Dünyanın dört bir yanından gelen 22 basın özgürlüğü örgütünün kurduğu koalisyon, “Tasarı, hükümetin Türkiye’de 2023 yılında yapılacak genel seçimler öncesinde kamuoyu tartışmalarını daha da kontrol altına alıp kontrol etmesine olanak sağlayacak, çevrimiçi bilgilerin yaygınlaşması ve gazeteciliğin suç sayılması için bir çerçeve sağlıyor.” dedi.
Basın özgürlüğü grupları tarafından yayınlanan bildiride, tasarının dezenformasyon oluşturan unsurlara ilişkin “muğlak formüle edilmiş tanımının” milyonlarca internet kullanıcısını cezai yaptırım riskine sokacağı belirtildi.
Türkiye Ulaştırma ve Altyapı Bakan Yardımcısı Ömer Fatih Sayan geçtiğimiz hafta twitter’da yaptığı açıklamada, sosyal medya platformlarında “nefret söylemi, dezenformasyon ve manipülasyon”un giderek “çığ gibi büyüdüğünü görmekten üzüntü duyduğunu söyledi.
Tweet’te “Vatandaşlarımız için daha temiz ve güvenli bir İnternet oluşturmalıyız, bu en önemli görevimizdir.” şeklinde konuştu.
‘Son on yıl çok acımasız geçti’
tasarı, ifade özgürlüğü açısından zaten kötüye giden bir ortamda atılmış yeni bir adım olarak görülüyor. Ogret’e göre Türkiye’deki medya ortamı on yıldan uzun süredir iyileşmedi.
Erdoğan, “Türkiye’nin medya ortamı bugün çok daha az renge sahip … özellikle de 2016 darbe girişiminden sonra.” dedi.

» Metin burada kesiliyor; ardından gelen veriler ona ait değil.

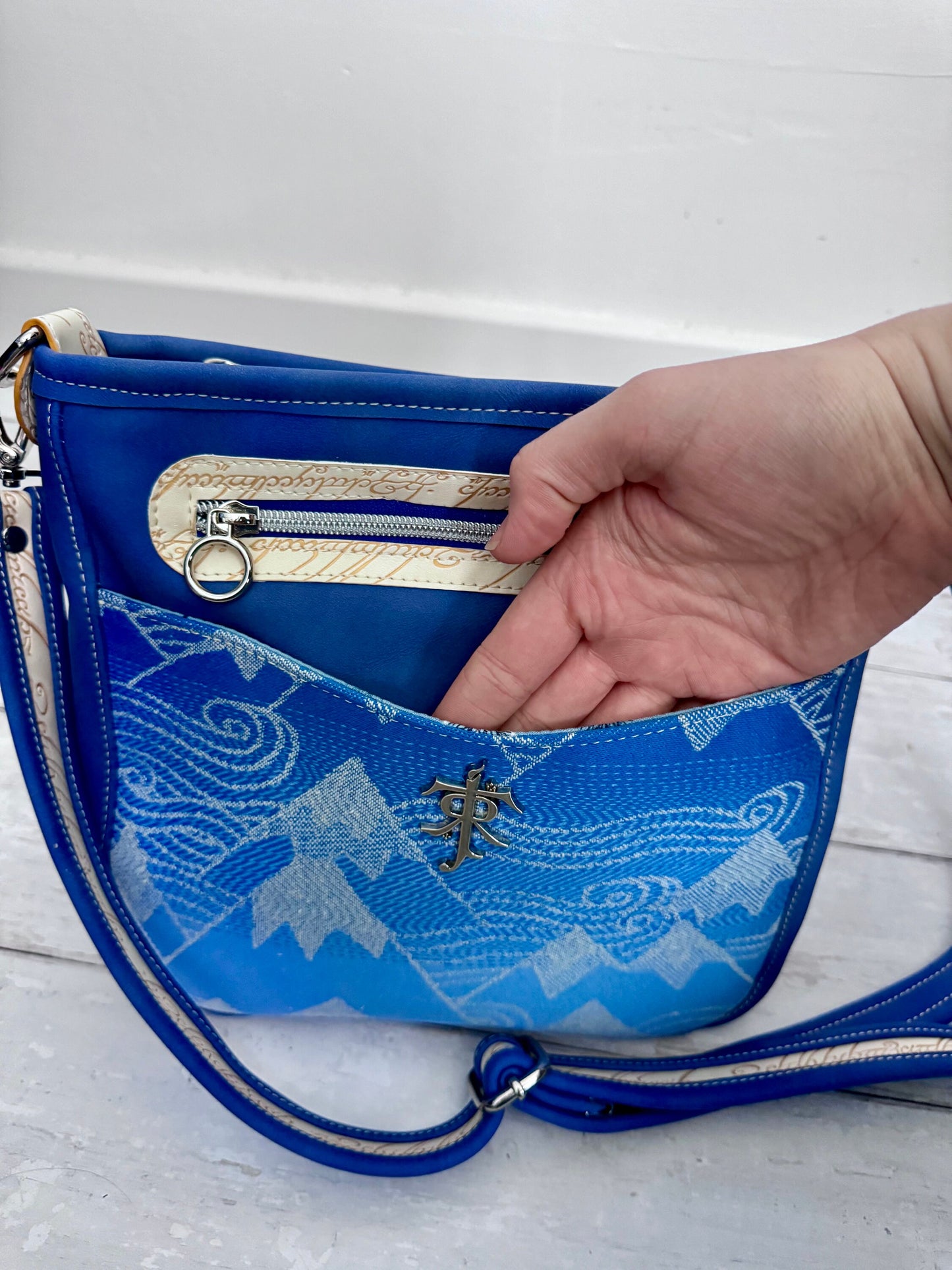 Lord of the ring gift for women, wrap scrap bag, lotrgifts, Oscha bag, middle earth bag, Tolkien gifts, vegan crossbody bag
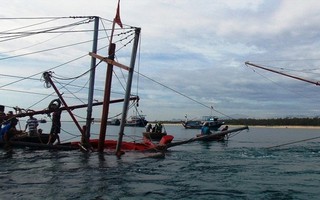 NÓNG: Tàu ngư dân Quảng Nam bị chìm, 1 người chết, 14 người mất tích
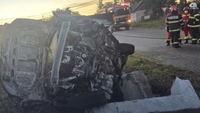 Doi adolescenți au murit pe o șosea din Suceava. Mașina s-a izbit de un cap de pod. Șoferul era minor
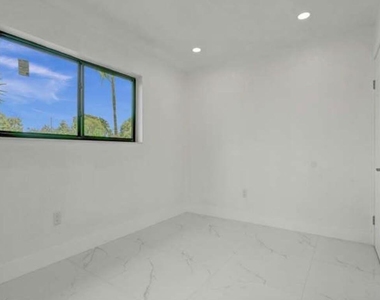 2301 Alcazar - Photo Thumbnail 9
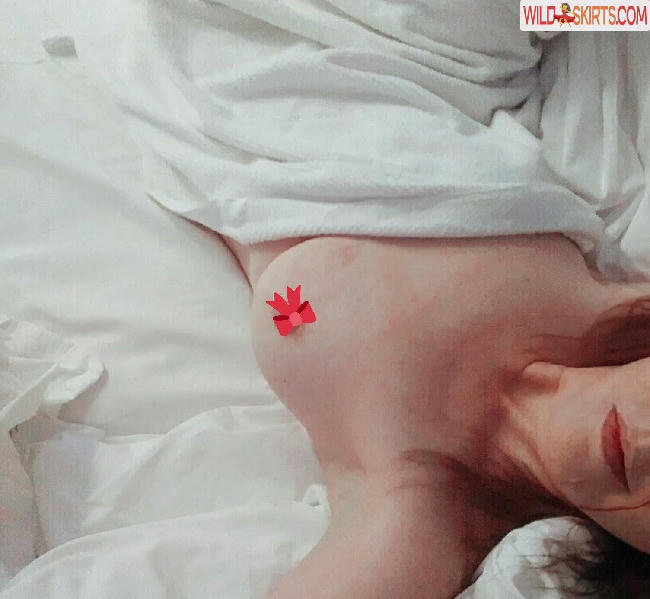 FlowersAndScars nude leaked photo #8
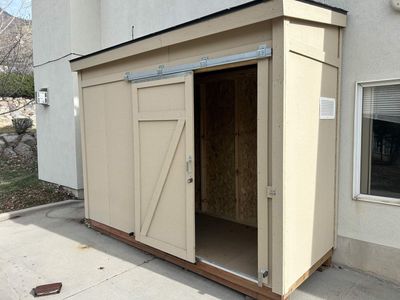 Storage Shed - great condition - 10ft x 4ft - MSRP $3500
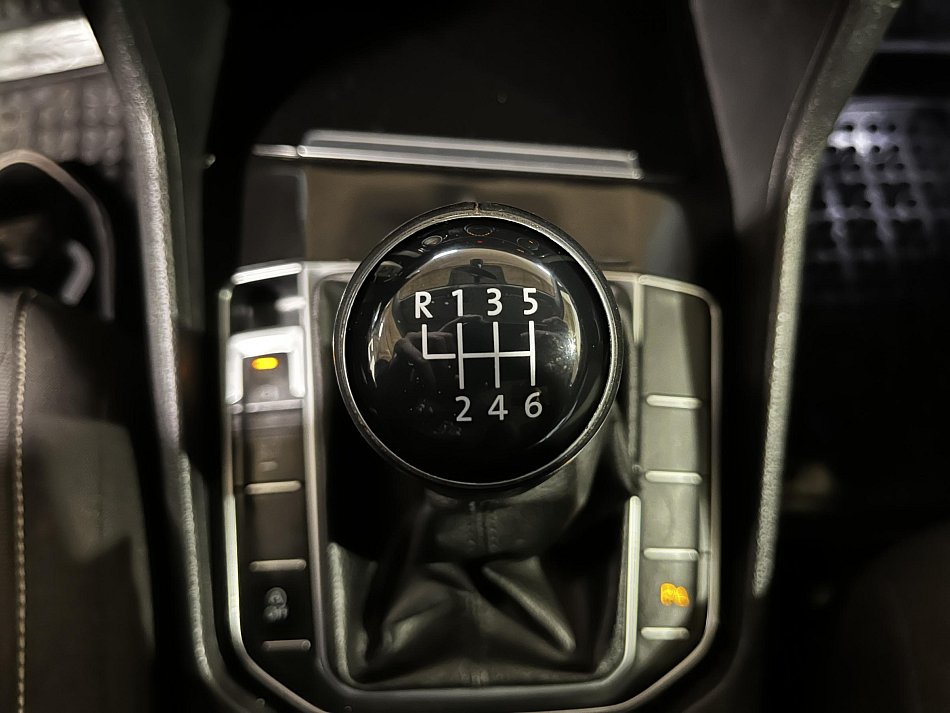 Volkswagen Golf 2.0 TDi 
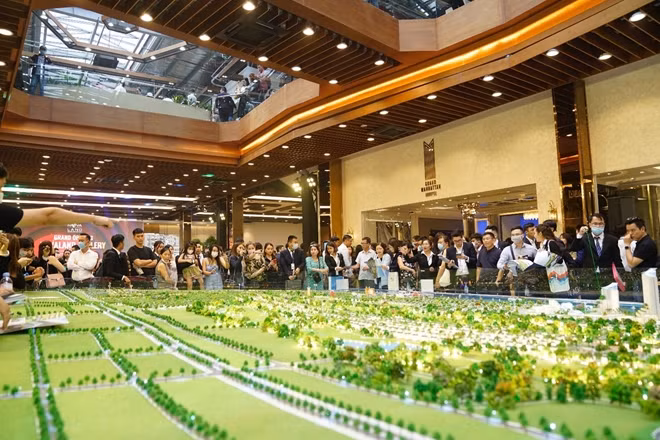 Rất đông khách hàng tham quan và tìm hiểu các Dự án trong ngày khai trương Novaland Gallery 179 Hai Bà Trưng, Q.3.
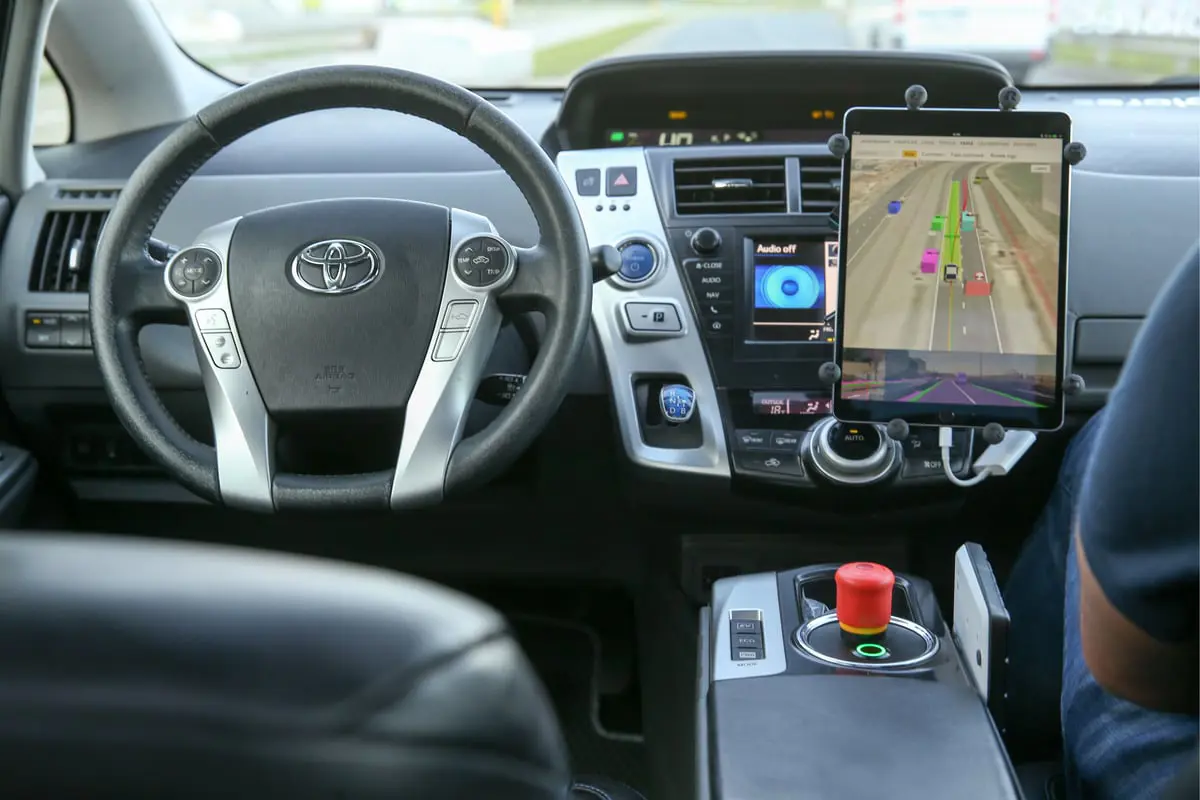 أبرز 5 مخاطر "مثيرة" للسيارات ذاتية القيادة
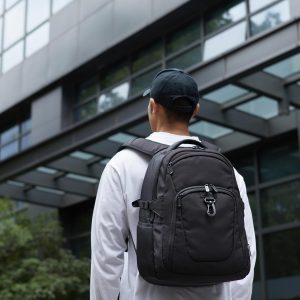 Amazon Basics Mochila de viaje para portátil de 15,6 pulgadas, color negro | para portátil de 15,6 pulgadas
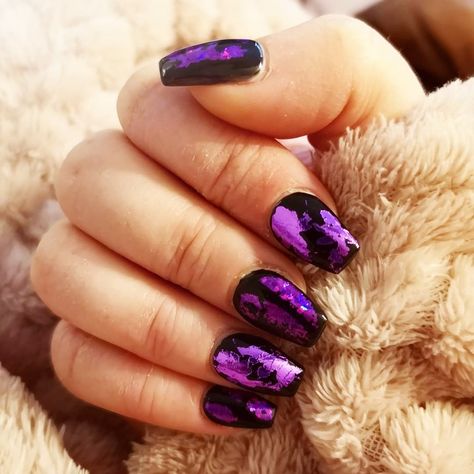 Black shellac with purple foil overlaid Purple Foil Nails, Foil Acrylic Nails, Black Shellac, Wine Nails, Purple Foil, Night Court, Shellac Nails, Foil Nails, Black And Purple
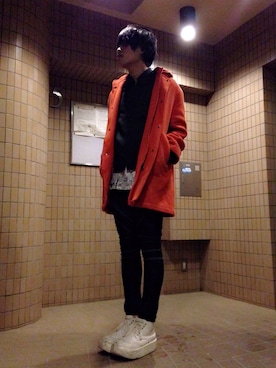 「THE TEST（ザ テスト）のアイテム（パンツ）」を使った、出町拓さん（メンズ・178cm）の秋コーディネート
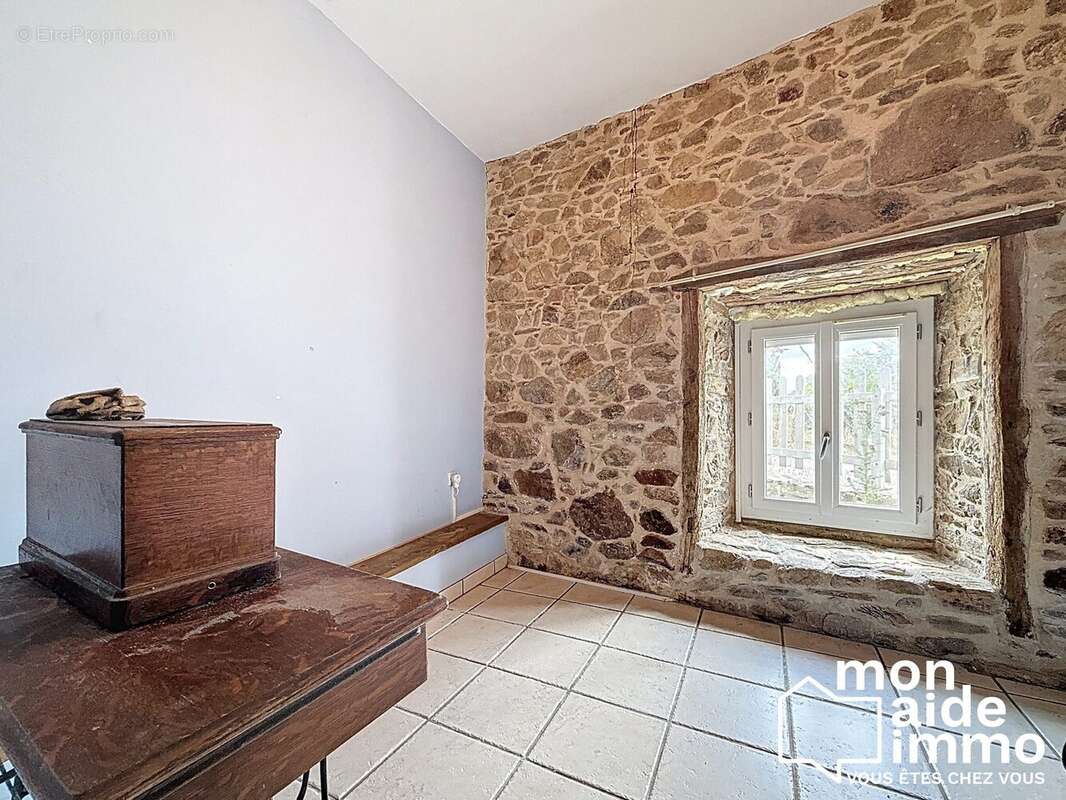 Maison à SAINT-PIERRE-DE-FRUGIE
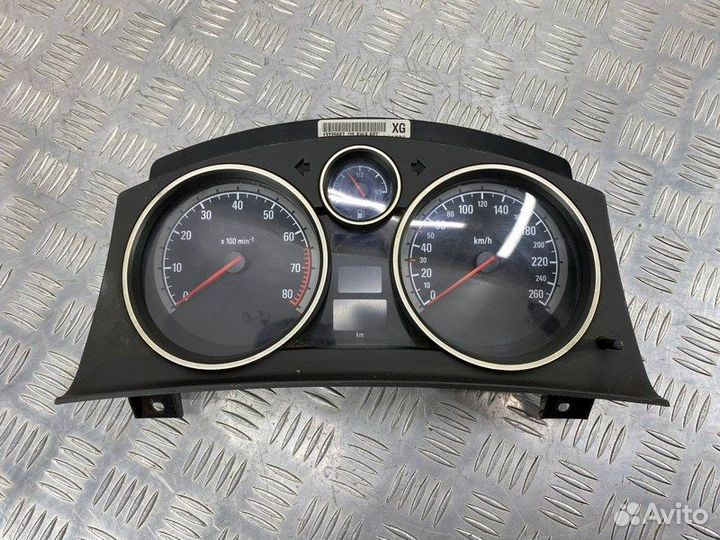 Щиток приборов Opel Astra H 1.8 Z18XER 2008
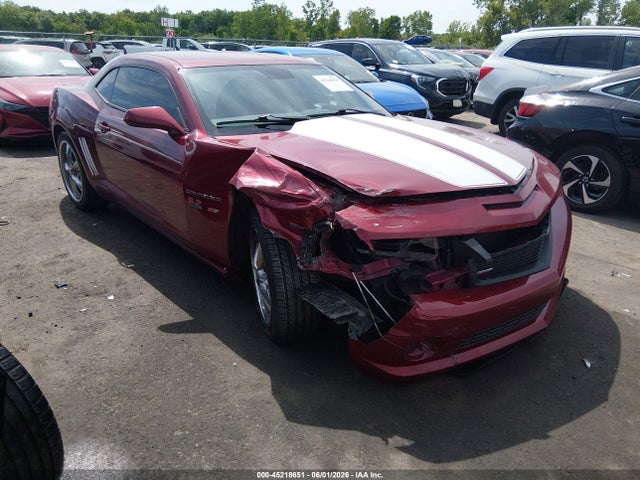 Salvage Chevrolet Camaro Image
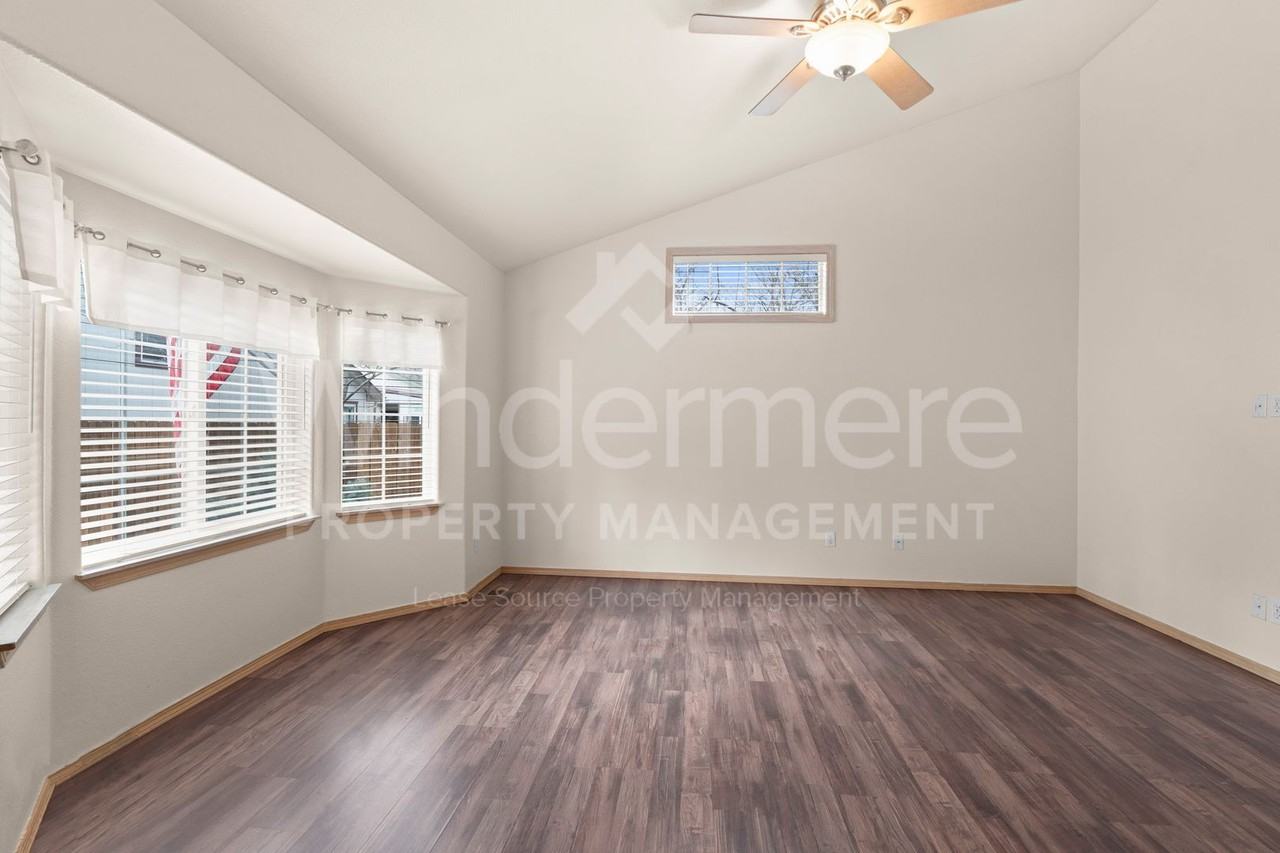 909 E 1st Ave - Photo 6 of 39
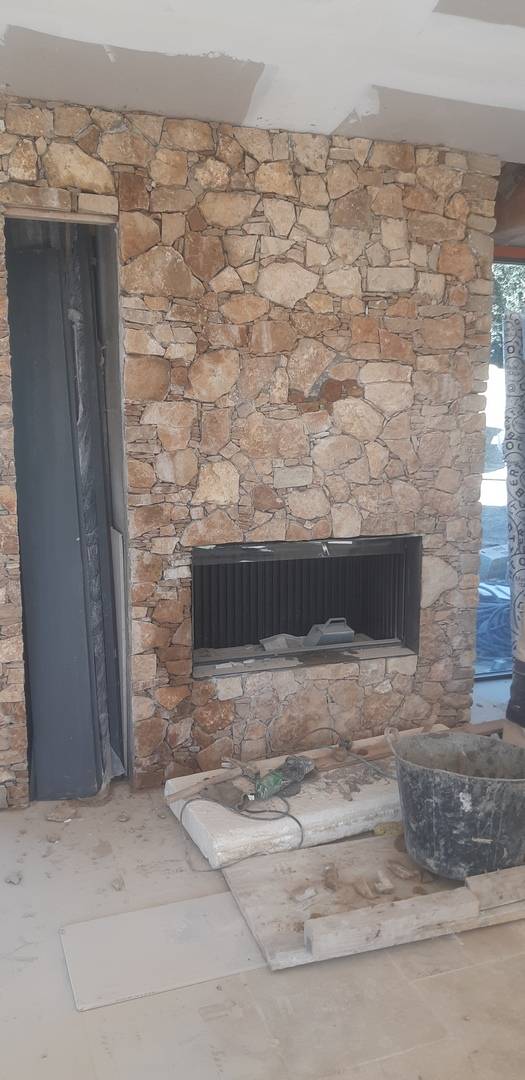 pierres en parement sur cheminée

İnternet üzerinden yayın yapan Türkiye Purge’ye göre, ordunun 2016 yılındaki darbe girişiminden bu yana 189 medya kuruluşu kapanmış durumda. Basın kartlarının iptali ve basın mensuplarının tutuklanması o dönemde sık rastlanan bir olaydı.
Darbeden sonra haber bültenlerine yönelik baskılar yapıldı ve gazetecilere karşı bir dizi dava açıldı.
Akarçeşme, 15 Temmuz darbe girişimi sonrasında hiçbir medya kuruluşunun rejimin söylemine karşı çıkmadığını da sözlerine ekledi.
Ogret, “Son beş ila 10 yıl içinde medya manzarasında bir çok çeşitlilik kayboldu.” dedi.
Kâr amacı gütmeyen uluslararası bir örgüt olan Sınırsız Gazeteciler’e göre Türkiye, küresel Basın Özgürlüğü Endeksinde şu anda 180 ülke arasında 149. sırada yer alıyor ve ulusal medyanın %90’ı hükümet kontrolü altında bulunuyor.
Endeks 2002 yılında çıktığında, Türkiye 172 üzerinden 107 puan aldı ve “kısmen özgür” olarak kategorize edildi.
Öğretim üyesi, “Türkiye’nin gazetecileri hapse atmadığı veya organlarını taciz etmediği bir zaman yok, ancak son on yıl Türk medya ortamı için gaddarca geçti.” dedi.